Lecture 17-18 Flashcards
What is buffering?
Data in secondary or tertiary storage needs to be transferred to main memory, before being rpocessed by the cpu. However, transport time takes longer than memory access, hence, multiple bufferes in main memory exist, while one is being read or written, the CPU can process data in other buffers.
What are the characteristics of discs?
Physically they are made up of tracks, cylinders, sectors, and blocks. A hardware address, surface number, track number, block or sector number.
How are file records formatted on the disk?
Records are a collection of related data values or items, usually this is a tuple or row.
Record types are a collectino of field names and their data types.
A file contains a sequence of records, typically all will be the same record type.

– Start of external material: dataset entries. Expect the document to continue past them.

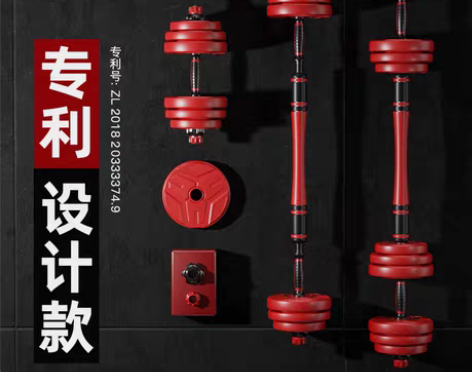 转卖哑铃男士健身器材家用10公斤=（5kg...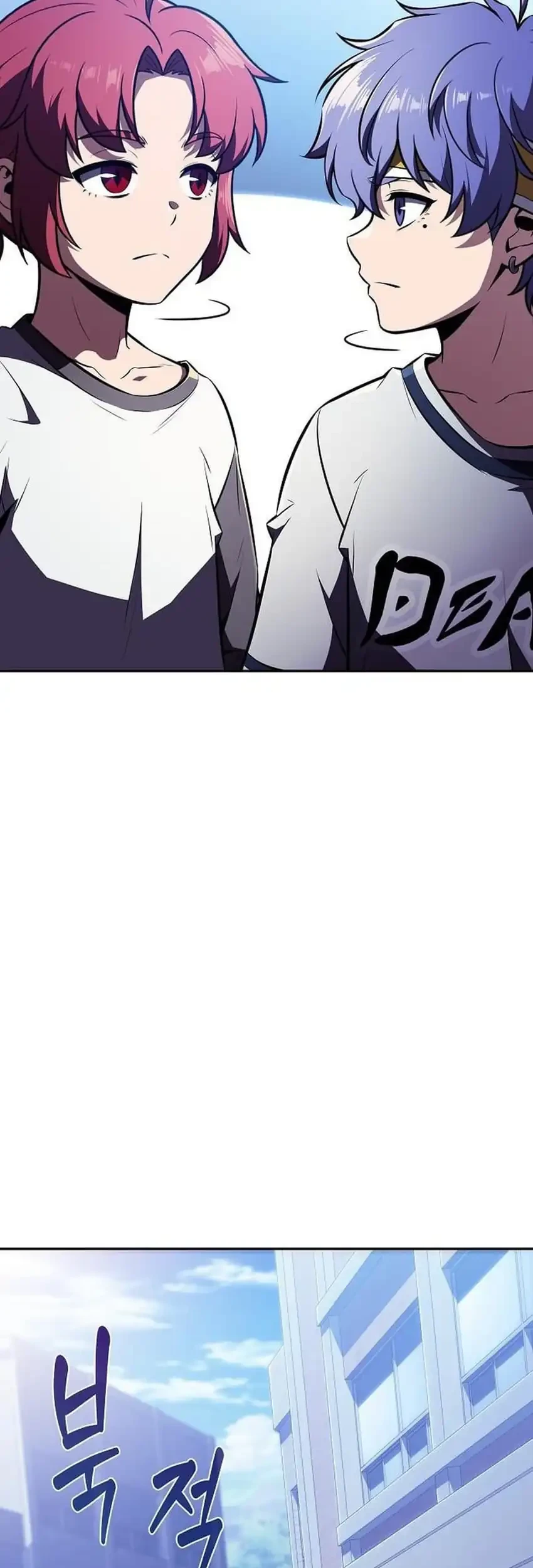 The Demon Slayer’s Restaurant Chapter 62 - halaman 25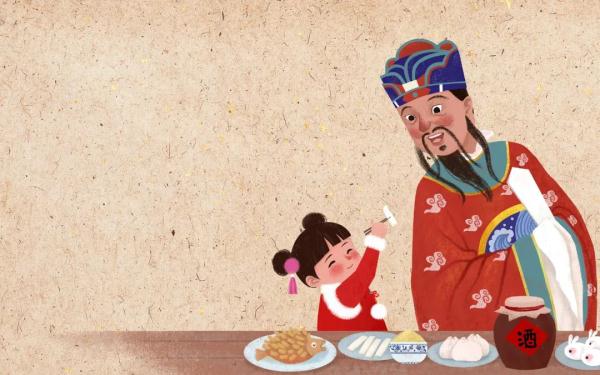 大年初四，今天想接好运的，进来一下！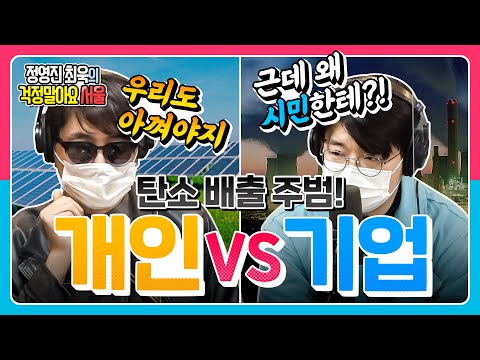 탄소, 줄이지 않으면 죽음 뿐? 최욱 생각에 대한 전문가 의견은? l 정영진 최욱의 걱정말아요 서울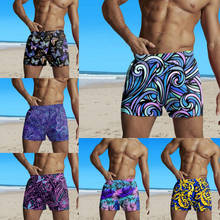 Summer men's new casual shorts, elastic waist digital printing sports beach pants 2024 - buy cheap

In fixed length records every record is exactly the same size, in variable length records different records have different sizes.
How do variable length records work?
A seperator character that isn’t used in any field seperates the fields. A special character can also be used to seperate the field name from the field value.

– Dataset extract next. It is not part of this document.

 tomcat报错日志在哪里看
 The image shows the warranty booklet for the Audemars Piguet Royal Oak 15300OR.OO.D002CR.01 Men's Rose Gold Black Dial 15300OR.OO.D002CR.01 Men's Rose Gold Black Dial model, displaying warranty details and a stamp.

What are spanned and unspanned records?
Records must be allocated to disk blocks, a spanned record can span more than one block, an unspanned record cannot.

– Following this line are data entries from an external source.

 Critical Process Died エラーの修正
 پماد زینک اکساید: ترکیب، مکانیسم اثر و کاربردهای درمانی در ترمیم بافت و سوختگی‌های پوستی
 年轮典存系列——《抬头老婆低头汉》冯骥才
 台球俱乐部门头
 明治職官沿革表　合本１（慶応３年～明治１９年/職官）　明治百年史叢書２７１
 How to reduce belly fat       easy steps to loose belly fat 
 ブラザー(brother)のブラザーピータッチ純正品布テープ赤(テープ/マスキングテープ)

What is a block? What are the important things to consider for fixed length and variable length records?
The unit of data transfer between disk and memory. Blocking factor is the number of records stored in a block. In fixed length records this is the block size/the record size(rounded down), the unused space is the block size - (blocking factor*records in a block).
For variable length records the blocking factor is an average, and the number of blocks required for r records is r/blocking factor, rounded up.
What are the methods for block allocation?
As needed: data scattered all over disk.
Contiguous: file blocks allocated to consecutive disk blocks, fast read, but expansion is problematic.
Linked: each block contains pointer to next block, slower read, easy expansion.
Clusters: clusters of consecutive blocks and clusters linked, typically done to segments of disk or extents of records.
Indexed: index blocks have pointers to actual data blocks.
How are files or unorganised records dealt with?
They use heap files, records are placed in the order they are inserted, new records at the end of the file. This makes insertion simple, but searching is linear. Deletion also wastes storage space, as it just removes the record from the block, without reshuffling block. Sorting could be done, but this can be expensive for a large disk file.
How are files of ordered records dealt with?
They have an ordering field, the key field. This makes reading in order, finding the next record often doesn’t need disk access as it is in same block, search is binary, and a search involving > or < is efficient. However, insertion and deleting records is expensive, modifying ordered field requires delete and insert and no help for searches on non ordering field.
How are files of hashed records dealt with?
Hash files make access very fast for hashed field, needs a hash function, typically K mod M, where M is typically a prime and K is the value. insertion and deletion is relatively simple, equality search is also efficient.
Needs collission resolution, this could be open addressing (subsequent positions), chaining(place in an unused overflow location, add pointer to this location in occupied location, or multiple hashing(second hash function.
How does hashing work for disk files?
Disk space divided into buckets, hashing maps to relative bucket number, file header maintains table that maps bucket number into disk block address. In static hashing a fixed number of buckets is allocated, this is a drawback for dynamic files.
What are indexes?
Additional files on the disk, which allow access of records without affecting physical placement of records on disk, they consist of an indexing field and a list of pointers to disk blocks.
Every record has a unique index key field, used to physically order the index records on disk. Binary search on the index is much faster than on data file as the index file is is much smaller.
What are single-level ordered indexes?
A file can have at most one physical ordering field, types of this are: Primary index(ordered by key field of ordered file, each will be unique) Clustering index( ordering field not key, as such more than one record may have the same value), a file can have a primary index or clustering but not both. A secondary index is specified on any non-ordering field, several of these can exist.
What are some important things about primary indexes?
Ordered file with records of fixed length with two fields: Data from the ordering key field, and a pointer to the data block. The number of index entries = the number of disk blocks used, with only the block anchor being referenced.
A dense index has an index entry for every record, a sparse index has index entries for only some, a primary index in nondense(sparse).
Moving records may change anchor records, meaning reorganisation can be required.
What is an anchor record/block anchor?
The first record of a block.